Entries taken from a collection
[Start of section]

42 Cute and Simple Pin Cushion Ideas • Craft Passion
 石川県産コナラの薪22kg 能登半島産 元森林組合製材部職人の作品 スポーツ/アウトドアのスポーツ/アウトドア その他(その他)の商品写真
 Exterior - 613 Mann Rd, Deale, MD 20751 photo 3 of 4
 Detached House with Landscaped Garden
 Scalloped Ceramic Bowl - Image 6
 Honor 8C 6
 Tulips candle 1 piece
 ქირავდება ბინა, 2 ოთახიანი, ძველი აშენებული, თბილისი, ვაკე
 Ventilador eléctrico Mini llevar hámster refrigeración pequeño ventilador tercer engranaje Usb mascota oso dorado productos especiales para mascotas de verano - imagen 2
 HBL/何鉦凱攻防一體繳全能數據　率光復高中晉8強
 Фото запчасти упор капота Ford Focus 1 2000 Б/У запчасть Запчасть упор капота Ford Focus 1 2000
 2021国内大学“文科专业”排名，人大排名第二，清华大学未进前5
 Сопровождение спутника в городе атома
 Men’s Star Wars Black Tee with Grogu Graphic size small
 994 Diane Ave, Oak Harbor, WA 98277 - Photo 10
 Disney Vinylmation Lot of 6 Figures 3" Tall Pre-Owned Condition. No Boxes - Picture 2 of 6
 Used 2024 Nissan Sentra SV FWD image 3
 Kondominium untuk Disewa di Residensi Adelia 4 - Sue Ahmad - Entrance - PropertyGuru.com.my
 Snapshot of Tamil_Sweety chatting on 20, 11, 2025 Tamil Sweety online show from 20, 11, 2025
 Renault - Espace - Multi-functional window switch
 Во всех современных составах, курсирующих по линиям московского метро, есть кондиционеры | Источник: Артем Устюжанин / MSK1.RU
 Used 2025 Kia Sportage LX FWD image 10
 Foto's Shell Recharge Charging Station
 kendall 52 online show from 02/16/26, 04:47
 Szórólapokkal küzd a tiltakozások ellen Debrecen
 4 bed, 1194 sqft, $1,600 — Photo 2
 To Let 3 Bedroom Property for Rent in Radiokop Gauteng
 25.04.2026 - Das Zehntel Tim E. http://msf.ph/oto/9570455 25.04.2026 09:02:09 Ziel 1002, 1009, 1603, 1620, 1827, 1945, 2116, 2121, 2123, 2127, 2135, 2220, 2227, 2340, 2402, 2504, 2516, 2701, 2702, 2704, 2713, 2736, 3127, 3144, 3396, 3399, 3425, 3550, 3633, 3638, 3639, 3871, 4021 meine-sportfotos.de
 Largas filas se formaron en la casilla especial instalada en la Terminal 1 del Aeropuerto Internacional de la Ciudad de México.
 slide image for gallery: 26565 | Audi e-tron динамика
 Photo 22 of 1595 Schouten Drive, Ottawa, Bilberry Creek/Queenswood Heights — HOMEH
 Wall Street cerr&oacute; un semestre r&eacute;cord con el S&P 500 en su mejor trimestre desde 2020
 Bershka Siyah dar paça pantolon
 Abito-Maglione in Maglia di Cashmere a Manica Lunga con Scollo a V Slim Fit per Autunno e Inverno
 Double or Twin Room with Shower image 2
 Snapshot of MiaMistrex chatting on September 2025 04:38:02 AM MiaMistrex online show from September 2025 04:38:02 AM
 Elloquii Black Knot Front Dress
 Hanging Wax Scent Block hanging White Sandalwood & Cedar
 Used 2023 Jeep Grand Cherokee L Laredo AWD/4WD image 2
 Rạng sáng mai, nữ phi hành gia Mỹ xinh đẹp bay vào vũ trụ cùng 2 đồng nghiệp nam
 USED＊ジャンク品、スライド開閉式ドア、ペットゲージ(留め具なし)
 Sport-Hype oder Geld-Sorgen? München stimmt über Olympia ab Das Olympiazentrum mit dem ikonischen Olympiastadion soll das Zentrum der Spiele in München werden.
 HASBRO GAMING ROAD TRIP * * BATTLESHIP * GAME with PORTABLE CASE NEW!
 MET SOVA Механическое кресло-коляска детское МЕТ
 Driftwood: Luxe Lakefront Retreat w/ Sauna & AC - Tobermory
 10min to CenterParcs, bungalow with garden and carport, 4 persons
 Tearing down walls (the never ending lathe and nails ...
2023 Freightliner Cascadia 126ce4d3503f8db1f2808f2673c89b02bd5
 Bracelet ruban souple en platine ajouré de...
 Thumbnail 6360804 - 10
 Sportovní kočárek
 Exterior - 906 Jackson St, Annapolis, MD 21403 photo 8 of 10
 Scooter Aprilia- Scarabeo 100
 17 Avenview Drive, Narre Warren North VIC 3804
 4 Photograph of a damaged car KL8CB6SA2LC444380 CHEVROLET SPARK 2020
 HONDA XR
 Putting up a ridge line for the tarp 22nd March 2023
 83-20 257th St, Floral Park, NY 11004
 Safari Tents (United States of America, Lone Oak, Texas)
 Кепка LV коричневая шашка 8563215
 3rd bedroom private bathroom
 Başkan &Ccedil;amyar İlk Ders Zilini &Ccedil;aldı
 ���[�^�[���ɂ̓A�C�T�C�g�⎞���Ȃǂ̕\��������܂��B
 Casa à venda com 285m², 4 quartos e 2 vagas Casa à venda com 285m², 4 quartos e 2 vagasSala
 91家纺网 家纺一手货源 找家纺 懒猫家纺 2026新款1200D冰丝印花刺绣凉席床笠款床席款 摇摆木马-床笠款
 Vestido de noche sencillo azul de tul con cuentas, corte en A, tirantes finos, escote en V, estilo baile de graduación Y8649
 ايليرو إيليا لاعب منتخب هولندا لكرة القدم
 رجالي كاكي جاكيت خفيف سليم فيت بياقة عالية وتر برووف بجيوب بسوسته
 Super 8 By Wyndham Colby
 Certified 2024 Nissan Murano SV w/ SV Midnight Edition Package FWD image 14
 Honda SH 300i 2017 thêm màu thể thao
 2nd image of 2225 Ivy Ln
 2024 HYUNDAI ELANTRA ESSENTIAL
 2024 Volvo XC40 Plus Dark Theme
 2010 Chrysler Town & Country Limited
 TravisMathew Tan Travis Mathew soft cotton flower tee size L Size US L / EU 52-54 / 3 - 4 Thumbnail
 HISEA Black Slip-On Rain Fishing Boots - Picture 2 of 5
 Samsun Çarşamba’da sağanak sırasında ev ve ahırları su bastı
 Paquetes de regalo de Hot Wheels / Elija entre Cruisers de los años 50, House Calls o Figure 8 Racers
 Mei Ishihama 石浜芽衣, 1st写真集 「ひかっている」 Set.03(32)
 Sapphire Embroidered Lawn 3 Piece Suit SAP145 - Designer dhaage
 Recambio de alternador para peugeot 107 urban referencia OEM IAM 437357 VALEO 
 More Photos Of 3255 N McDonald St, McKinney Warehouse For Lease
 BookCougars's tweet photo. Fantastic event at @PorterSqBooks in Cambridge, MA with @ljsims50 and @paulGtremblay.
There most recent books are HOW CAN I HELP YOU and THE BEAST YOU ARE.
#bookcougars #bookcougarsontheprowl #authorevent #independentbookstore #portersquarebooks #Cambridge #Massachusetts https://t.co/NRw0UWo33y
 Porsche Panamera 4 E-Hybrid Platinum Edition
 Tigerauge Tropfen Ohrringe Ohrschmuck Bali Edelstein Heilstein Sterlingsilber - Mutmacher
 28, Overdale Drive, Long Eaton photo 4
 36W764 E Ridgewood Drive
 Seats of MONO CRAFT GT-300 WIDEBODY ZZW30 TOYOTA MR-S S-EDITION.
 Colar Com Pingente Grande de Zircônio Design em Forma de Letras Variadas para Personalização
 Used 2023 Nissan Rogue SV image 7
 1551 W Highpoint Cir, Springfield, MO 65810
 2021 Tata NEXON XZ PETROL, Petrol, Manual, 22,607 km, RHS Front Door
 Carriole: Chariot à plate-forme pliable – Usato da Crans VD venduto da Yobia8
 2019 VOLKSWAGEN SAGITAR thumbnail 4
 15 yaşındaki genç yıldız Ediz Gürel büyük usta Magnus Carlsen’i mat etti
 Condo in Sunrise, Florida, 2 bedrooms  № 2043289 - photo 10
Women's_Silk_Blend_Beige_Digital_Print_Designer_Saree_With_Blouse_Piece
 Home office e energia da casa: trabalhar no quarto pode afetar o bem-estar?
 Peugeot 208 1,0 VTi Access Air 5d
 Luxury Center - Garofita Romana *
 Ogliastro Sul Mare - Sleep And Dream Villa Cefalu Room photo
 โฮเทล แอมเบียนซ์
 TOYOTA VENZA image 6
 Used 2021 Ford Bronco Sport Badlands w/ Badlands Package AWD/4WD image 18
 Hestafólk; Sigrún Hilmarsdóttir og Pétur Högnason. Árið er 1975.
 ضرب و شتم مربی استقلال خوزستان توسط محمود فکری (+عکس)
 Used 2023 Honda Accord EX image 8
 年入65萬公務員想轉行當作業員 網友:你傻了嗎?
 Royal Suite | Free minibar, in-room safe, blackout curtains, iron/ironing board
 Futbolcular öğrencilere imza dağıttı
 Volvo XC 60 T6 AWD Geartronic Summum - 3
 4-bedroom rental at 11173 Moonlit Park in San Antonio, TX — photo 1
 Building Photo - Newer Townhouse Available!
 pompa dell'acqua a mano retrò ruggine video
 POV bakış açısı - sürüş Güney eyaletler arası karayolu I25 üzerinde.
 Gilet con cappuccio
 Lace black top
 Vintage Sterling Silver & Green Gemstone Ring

[End of section]

**What you need to do**
Quote, word for word, every line from the top of the entries through the line that holds "ქირავდება ბინა, 2".

**Answer**
42 Cute and Simple Pin Cushion Ideas • Craft Passion
 石川県産コナラの薪22kg 能登半島産 元森林組合製材部職人の作品 スポーツ/アウトドアのスポーツ/アウトドア その他(その他)の商品写真
 Exterior - 613 Mann Rd, Deale, MD 20751 photo 3 of 4
 Detached House with Landscaped Garden
 Scalloped Ceramic Bowl - Image 6
 Honor 8C 6
 Tulips candle 1 piece
 ქირავდება ბინა, 2 ოთახიანი, ძველი აშენებული, თბილისი, ვაკე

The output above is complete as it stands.